Manx playwright and politician

Christopher R. Shimmin (1870–1933) was a Manx playwright and a member of the House of Keys.

==Life==
Christopher Robert Shimmin was born in Peel in September 1870, the eldest son of Robert Daniel Shimmin and Eleanor Brew Shimmin. He was an apprentice sailmaker in his grandfather's business before moving to work in England. He emigrated to the United States and there suffered unemployment in c.1895-6. After a period working as a seaman, Shimmin eventually returned to Peel and started his own business as a monumental mason.

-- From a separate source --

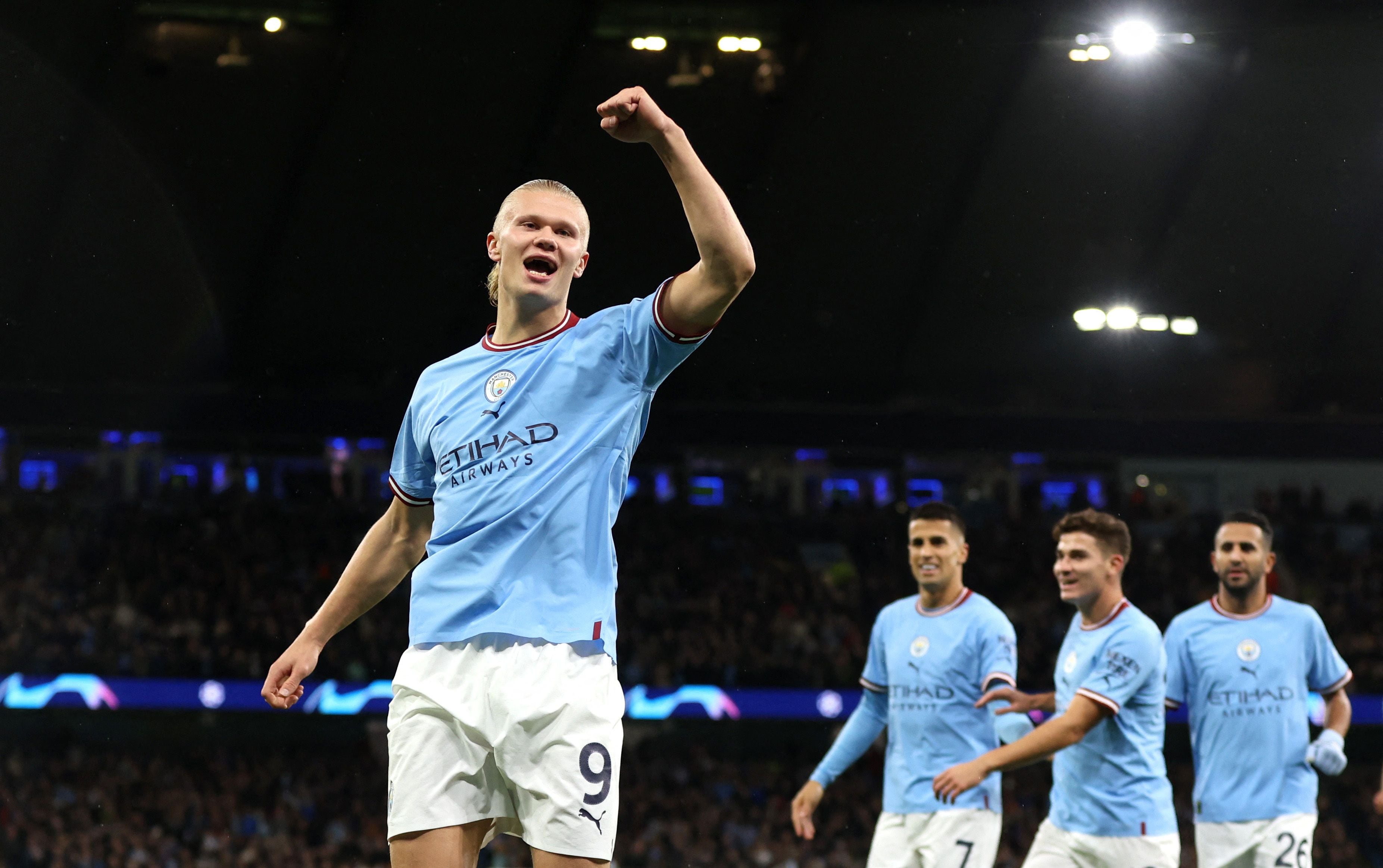 Soccer Football - Champions League - Group G - Manchester City v FC Copenhagen - Etihad Stadium, Manchester, Britain - October 5, 2022  Manchester City's Erling Braut Haaland celebrates scoring their first goal Action Images via Reuters/Lee Smith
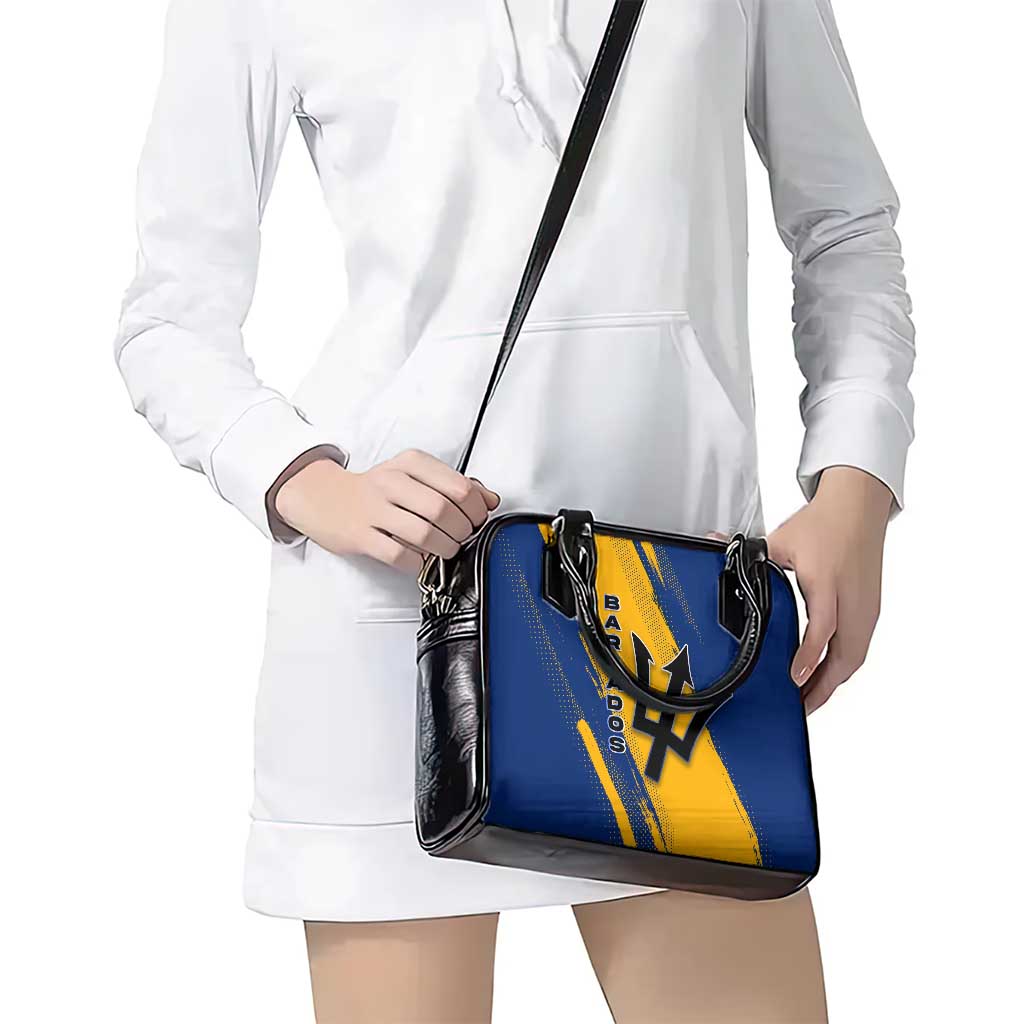 Barbados Trident and Coat of Arms Shoulder Handbag with Blue Yellow Patriotic Graphic TS04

In 1919 he was elected as a Member of the House of Keys for Peel as a member of the Manx Labour Party. He was an active and dedicated member of the Labour Party, the president of its Manx wing, often travelling to Britain for meetings and conferences. He served as an MHK until his death at his home at 23 Mona Street, Peel, on 9 January 1933, leaving behind him £3,300 in his will. At the first meeting of the House of Keys after his death, W. P. Clucas eulogised that Shimmin had "lived an unselfish life of service, and his real feelings and character were a burning hatred of injustice wherever met." In the subsequent election for his vacant seat in the House of Keys, his wife Marion Shimmin was voted in, making her the first woman member to be returned to the House of Keys.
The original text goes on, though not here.